**WORK INSTRUCTION**
Starting with the line that holds "Kia Ceed 1.6 GDI PHEV Business Line DCT - 22" and stopping after the line that holds "Hlavný apartmán na", repeat the lines below word for word, without the pictures.

**AVAILABLE DATA**
Start of Block

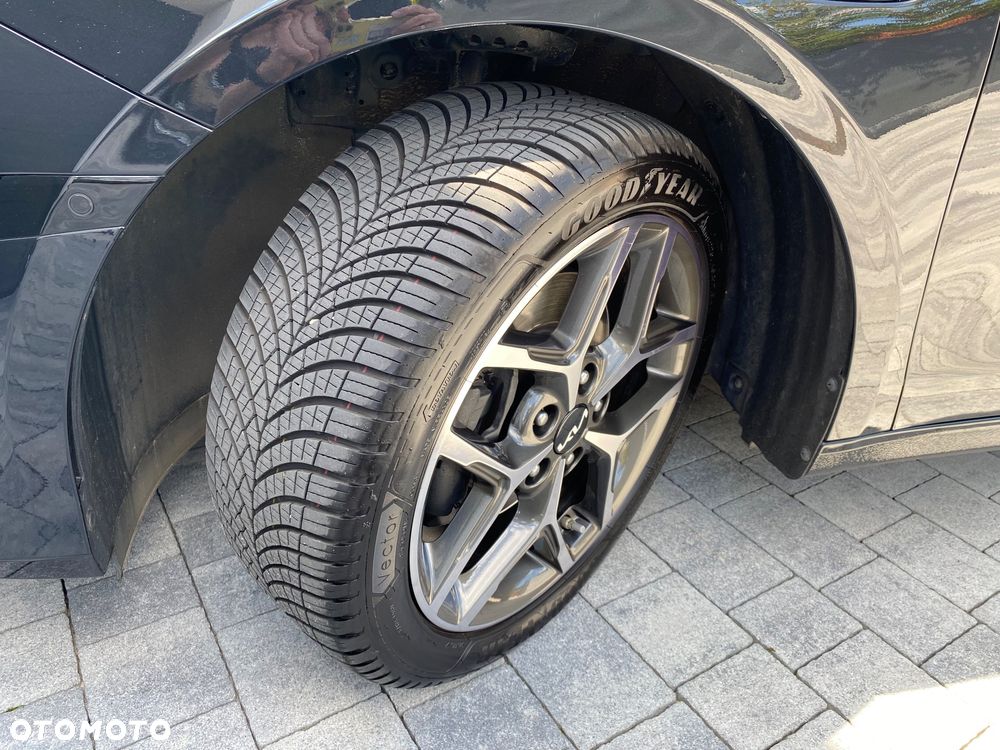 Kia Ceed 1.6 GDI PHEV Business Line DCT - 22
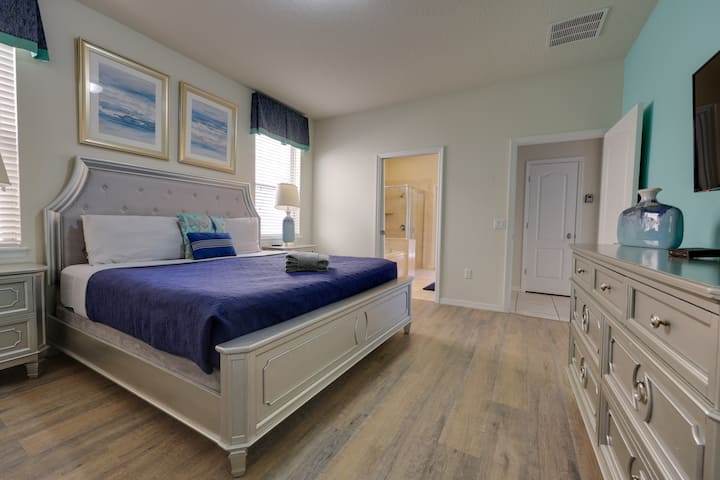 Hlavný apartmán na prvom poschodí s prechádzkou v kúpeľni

End of Block
Start of Block

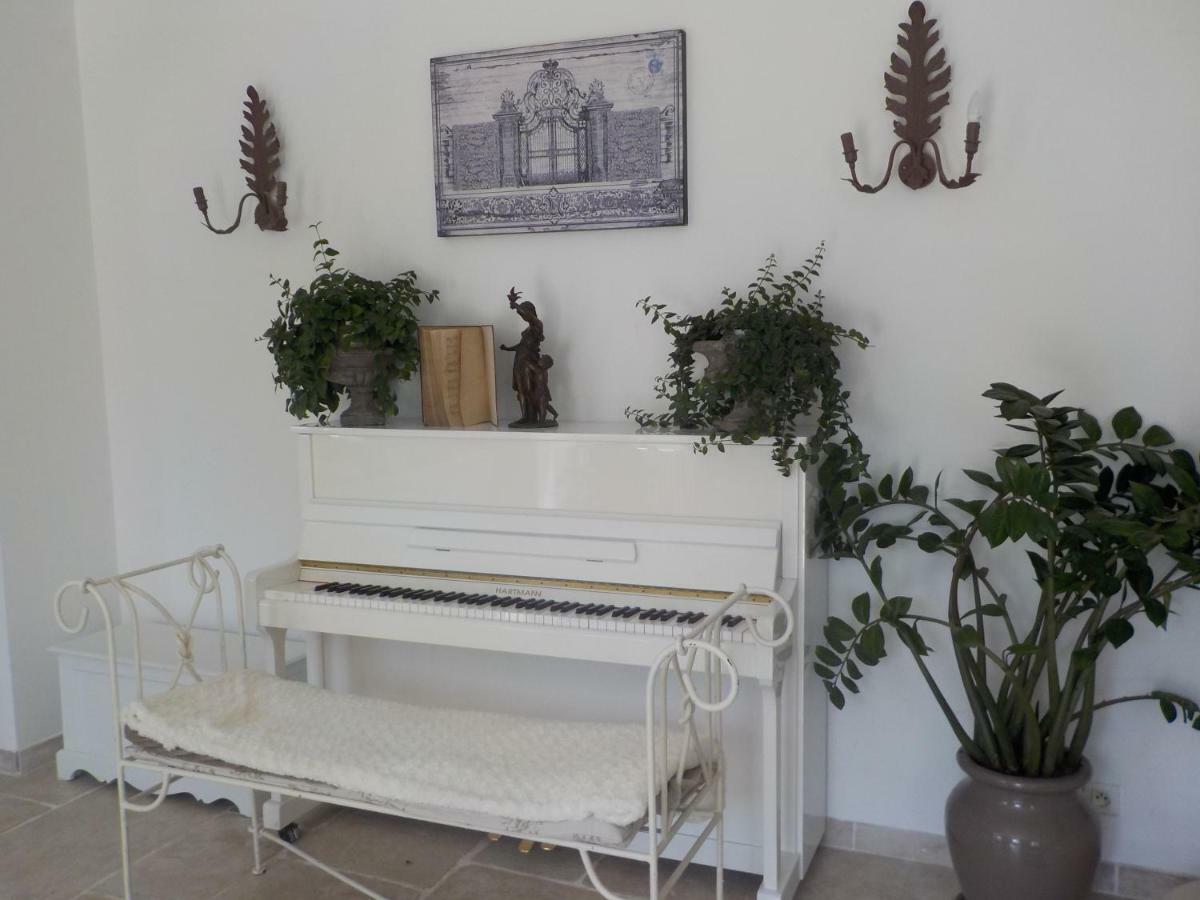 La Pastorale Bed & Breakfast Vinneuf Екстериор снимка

End of Block

**COMPLETED TASK**
 Kia Ceed 1.6 GDI PHEV Business Line DCT - 22
 Hlavný apartmán na prvom poschodí s prechádzkou v kúpeľni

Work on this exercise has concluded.